▶ _EXERCISE DESCRIPTION_: Search the data below for "current"; list each line that holds it.

▶ _Caption-style text data_:

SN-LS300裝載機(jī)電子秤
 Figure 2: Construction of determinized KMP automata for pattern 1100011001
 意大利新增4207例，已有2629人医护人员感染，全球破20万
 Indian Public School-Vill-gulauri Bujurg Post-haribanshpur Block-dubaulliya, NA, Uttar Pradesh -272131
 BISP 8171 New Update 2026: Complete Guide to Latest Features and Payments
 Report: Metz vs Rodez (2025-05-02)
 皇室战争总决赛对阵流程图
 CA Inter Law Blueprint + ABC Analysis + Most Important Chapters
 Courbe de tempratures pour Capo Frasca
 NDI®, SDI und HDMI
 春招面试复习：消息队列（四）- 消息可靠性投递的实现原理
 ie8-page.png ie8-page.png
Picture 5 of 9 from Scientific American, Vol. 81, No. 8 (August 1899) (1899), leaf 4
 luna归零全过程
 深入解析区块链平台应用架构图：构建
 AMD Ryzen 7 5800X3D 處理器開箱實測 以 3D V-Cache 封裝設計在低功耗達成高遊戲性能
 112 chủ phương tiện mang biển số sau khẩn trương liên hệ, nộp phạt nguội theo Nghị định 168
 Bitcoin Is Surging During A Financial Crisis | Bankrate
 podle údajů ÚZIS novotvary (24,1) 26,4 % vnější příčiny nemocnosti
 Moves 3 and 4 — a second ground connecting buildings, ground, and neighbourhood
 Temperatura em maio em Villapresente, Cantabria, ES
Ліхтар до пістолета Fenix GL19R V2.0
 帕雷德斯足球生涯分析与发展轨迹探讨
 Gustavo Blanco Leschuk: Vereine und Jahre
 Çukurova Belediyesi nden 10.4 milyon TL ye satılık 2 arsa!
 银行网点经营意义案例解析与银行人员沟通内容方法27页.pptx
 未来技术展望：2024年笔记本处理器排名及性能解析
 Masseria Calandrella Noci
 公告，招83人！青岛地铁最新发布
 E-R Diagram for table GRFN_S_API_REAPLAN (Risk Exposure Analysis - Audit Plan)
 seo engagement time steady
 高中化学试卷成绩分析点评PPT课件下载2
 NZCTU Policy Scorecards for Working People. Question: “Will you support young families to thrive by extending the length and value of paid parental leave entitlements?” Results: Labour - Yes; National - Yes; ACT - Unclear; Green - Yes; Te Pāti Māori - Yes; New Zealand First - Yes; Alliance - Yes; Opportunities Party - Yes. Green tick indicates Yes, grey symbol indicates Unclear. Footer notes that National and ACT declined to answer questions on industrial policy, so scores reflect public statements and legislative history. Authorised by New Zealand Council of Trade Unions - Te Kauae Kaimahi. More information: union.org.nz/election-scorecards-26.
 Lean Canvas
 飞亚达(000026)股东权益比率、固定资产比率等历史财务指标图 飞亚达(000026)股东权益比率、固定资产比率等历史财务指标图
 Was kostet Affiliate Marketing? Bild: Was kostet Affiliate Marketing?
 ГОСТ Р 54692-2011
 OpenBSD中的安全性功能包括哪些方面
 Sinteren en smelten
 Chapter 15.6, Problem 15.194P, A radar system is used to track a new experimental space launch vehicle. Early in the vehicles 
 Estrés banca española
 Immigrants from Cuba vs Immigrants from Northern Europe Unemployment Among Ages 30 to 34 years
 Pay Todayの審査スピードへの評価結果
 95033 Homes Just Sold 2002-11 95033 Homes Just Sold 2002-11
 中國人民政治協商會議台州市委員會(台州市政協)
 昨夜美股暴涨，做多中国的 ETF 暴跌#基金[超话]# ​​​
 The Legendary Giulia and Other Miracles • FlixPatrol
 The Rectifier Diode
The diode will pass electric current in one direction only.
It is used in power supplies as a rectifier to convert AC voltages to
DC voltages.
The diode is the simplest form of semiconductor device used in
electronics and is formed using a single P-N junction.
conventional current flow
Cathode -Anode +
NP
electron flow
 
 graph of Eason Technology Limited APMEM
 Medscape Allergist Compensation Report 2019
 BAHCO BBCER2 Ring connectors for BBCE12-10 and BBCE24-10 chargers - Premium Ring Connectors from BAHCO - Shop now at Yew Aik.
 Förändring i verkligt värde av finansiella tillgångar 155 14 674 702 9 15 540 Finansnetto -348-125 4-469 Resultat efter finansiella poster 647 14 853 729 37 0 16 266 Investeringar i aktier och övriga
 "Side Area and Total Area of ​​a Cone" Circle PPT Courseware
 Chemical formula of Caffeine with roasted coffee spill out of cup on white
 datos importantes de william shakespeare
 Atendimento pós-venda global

▶ _OUTPUT BELOW_:
The diode will pass electric current in one direction only.
conventional current flow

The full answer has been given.